WHAT YOU SHOULD DO |
Reproduce, please, only the lines from the first line below to the line containing "圆珠笔手绘变形金刚 御天敌（图ZMTU0MjEzMDg4） - 绘画", inclusive.

INPUT MATERIAL |

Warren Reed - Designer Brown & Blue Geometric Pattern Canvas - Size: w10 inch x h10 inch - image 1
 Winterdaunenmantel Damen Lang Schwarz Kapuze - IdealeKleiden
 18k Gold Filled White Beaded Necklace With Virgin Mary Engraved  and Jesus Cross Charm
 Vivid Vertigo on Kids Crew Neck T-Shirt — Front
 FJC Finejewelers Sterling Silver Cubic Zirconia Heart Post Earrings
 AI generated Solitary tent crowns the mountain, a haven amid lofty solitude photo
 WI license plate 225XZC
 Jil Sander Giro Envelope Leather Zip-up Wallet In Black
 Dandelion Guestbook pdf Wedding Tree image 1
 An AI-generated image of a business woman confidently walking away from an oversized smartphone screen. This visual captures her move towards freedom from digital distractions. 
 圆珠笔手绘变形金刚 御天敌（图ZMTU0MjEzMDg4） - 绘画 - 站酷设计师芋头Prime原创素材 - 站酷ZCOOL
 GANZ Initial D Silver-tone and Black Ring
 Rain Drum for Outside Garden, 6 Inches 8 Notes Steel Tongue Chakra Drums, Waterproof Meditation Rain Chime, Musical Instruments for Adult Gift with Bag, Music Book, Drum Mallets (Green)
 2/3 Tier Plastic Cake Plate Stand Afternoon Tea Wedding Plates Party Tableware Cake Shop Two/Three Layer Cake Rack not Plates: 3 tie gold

TASK ANSWER |
Warren Reed - Designer Brown & Blue Geometric Pattern Canvas - Size: w10 inch x h10 inch - image 1
 Winterdaunenmantel Damen Lang Schwarz Kapuze - IdealeKleiden
 18k Gold Filled White Beaded Necklace With Virgin Mary Engraved  and Jesus Cross Charm
 Vivid Vertigo on Kids Crew Neck T-Shirt — Front
 FJC Finejewelers Sterling Silver Cubic Zirconia Heart Post Earrings
 AI generated Solitary tent crowns the mountain, a haven amid lofty solitude photo
 WI license plate 225XZC
 Jil Sander Giro Envelope Leather Zip-up Wallet In Black
 Dandelion Guestbook pdf Wedding Tree image 1
 An AI-generated image of a business woman confidently walking away from an oversized smartphone screen. This visual captures her move towards freedom from digital distractions. 
 圆珠笔手绘变形金刚 御天敌（图ZMTU0MjEzMDg4） - 绘画 - 站酷设计师芋头Prime原创素材 - 站酷ZCOOL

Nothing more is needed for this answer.